▶ _YOUR GOAL_:
Print the lines in the listing below starting at the line with "Crystal structure and" and ending at the line with "Cut & Polished", both included. Reproduce them exactly and omit every picture.

RECORDS FOR THE TASK section start

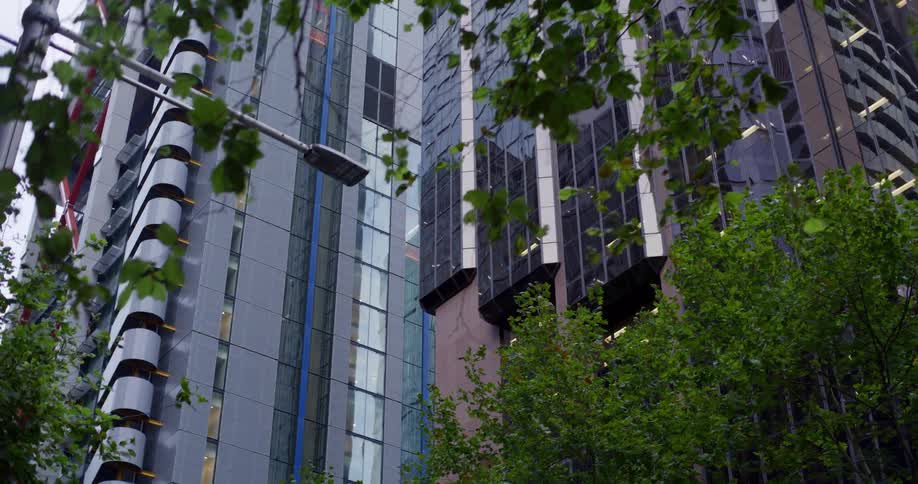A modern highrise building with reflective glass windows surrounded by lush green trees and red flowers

RECORDS FOR THE TASK section end
RECORDS FOR THE TASK section start

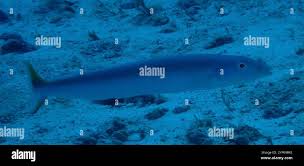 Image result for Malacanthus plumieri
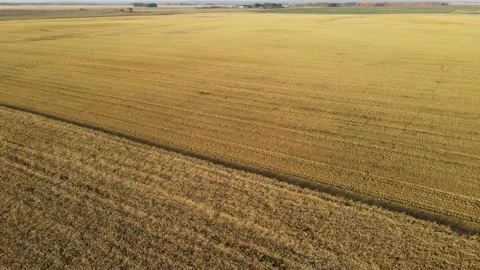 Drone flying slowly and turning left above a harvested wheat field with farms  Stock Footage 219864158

RECORDS FOR THE TASK section end
RECORDS FOR THE TASK section start

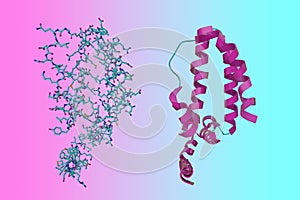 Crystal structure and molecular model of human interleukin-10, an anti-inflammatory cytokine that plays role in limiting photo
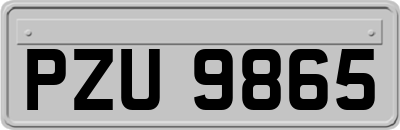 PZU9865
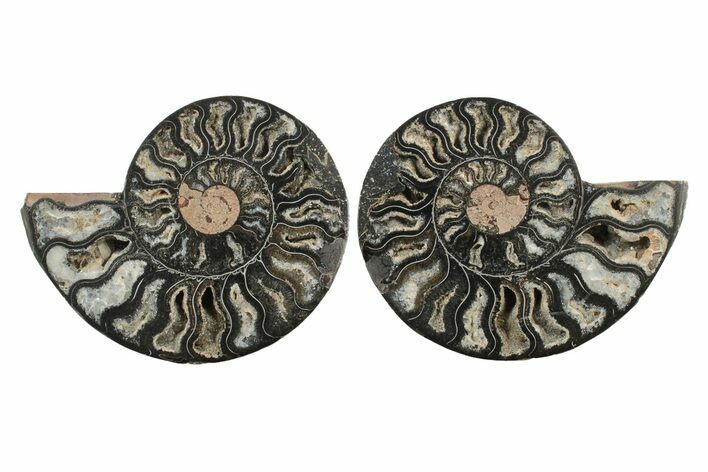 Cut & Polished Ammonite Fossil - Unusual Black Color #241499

RECORDS FOR THE TASK section end

▶ _ANSWER TO THIS EXERCISE_:
 Crystal structure and molecular model of human interleukin-10, an anti-inflammatory cytokine that plays role in limiting photo
 PZU9865
 Cut & Polished Ammonite Fossil - Unusual Black Color #241499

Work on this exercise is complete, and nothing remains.